E, neste sentido, cfr. Acórdão da Relação de Coimbra de 20.03.2020, in www.dgsi.pt e em que estava, também, em causa situação em que o ali trabalhador havia requerido a inversão do ónus da prova, requerimento que “não foi alvo de qualquer despacho autónomo” como se diz em tal Acórdão:
“Resulta dos autos que, por despacho de fls. 721, foi ordenada a notificação da empregadora para, em 10 dias, juntar aos autos, ou justificar a impossibilidade de cumprimento, o registo de tempos de trabalho do trabalhador, como requerido, sem mais.
A empregadora não procedeu à ordenada junção que justificou por requerimento junto a fls. 724 a 725.
O trabalhador veio requerer a inversão do ónus da prova, requerimento que não foi alvo de qualquer despacho autónomo.
(…)
Acresce que, finda a produção de prova, o tribunal nada ordenou e o trabalhador nada mais requereu ou arguiu perante o tribunal recorrido no sentido do cumprimento do disposto no n.º 2 do artigo 417.º do CPC e, por isso mesmo, na sentença não se impunha o conhecimento de tal questão[3], pese embora o anteriormente requerido pelo trabalhador pois, como já referimos, a Ré não foi notificada com a expressa advertência da possibilidade de inversão do ónus da prova. (…)”. E se, neste processo, a aí ré não se pronunciou sobre o requerimento do aí autor para aplicação de tal cominação, se considerou que seria necessária a prévia advertência de aplicação da cominação, no caso dos presentes autos, até por maioria de razão (em que a Ré juntou determinados documentos e, depois, se pronunciou sobre a mesma), mais se justificaria essa prévia advertência.
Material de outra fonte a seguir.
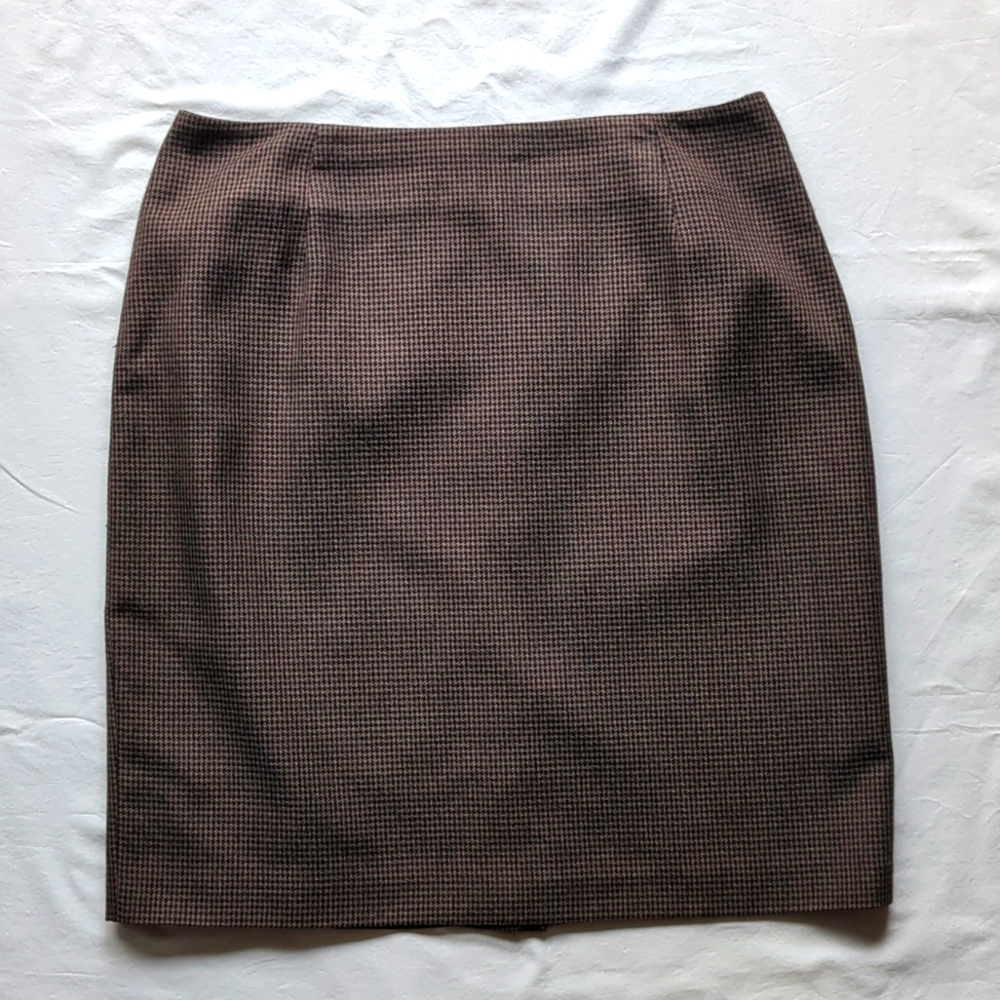 Alia Black & Tan Houndstooth Skirt Size 12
No mesmo sentido, também, os Acórdãos do STJ de 12.04.2018, Proc. 744/12.4TVPRT.P1.S1, e de 24.05.2018, Proc. 318/05.6TVPRT.P1.S1, naquele citados, in www.dgsi.pt, referindo-se no primeiro dos mencionados arestos que “Desde logo que, tendo em conta as consequências decisivas da inversão do ónus da prova para a decisão do tribunal que aprecia as provas produzidas e impendendo sobre o juiz, nos termos do art. 7º, n.º 1 do CPC, o dever de cooperação com as partes, concorrendo para se obter, com brevidade e eficácia, a justa composição do litígio, temos por certo que, no caso dos autos, o Tribunal de 1ª Instância devia atuar de forma preventiva de molde a dar a conhecer à ré quais seriam as consequências processuais da sua recusa em fornecer aos peritos os elementos documentais que estes reputavam como necessários para que pudessem responder às questões que constituíam objeto da perícia. (…)” [sendo que, no caso subjacente a este aresto, a 1ª instância, após uma primeira notificação, sem tal advertência, proferiu segundo despacho a determinar então a junção dos documentos em falta “sob pena de (…) de eventualmente se inverter o ónus da prova, por aplicação do disposto nos artigos 417.º, n.º 2 do CP. Civil e 344º, n.º 2 do C. Civil”].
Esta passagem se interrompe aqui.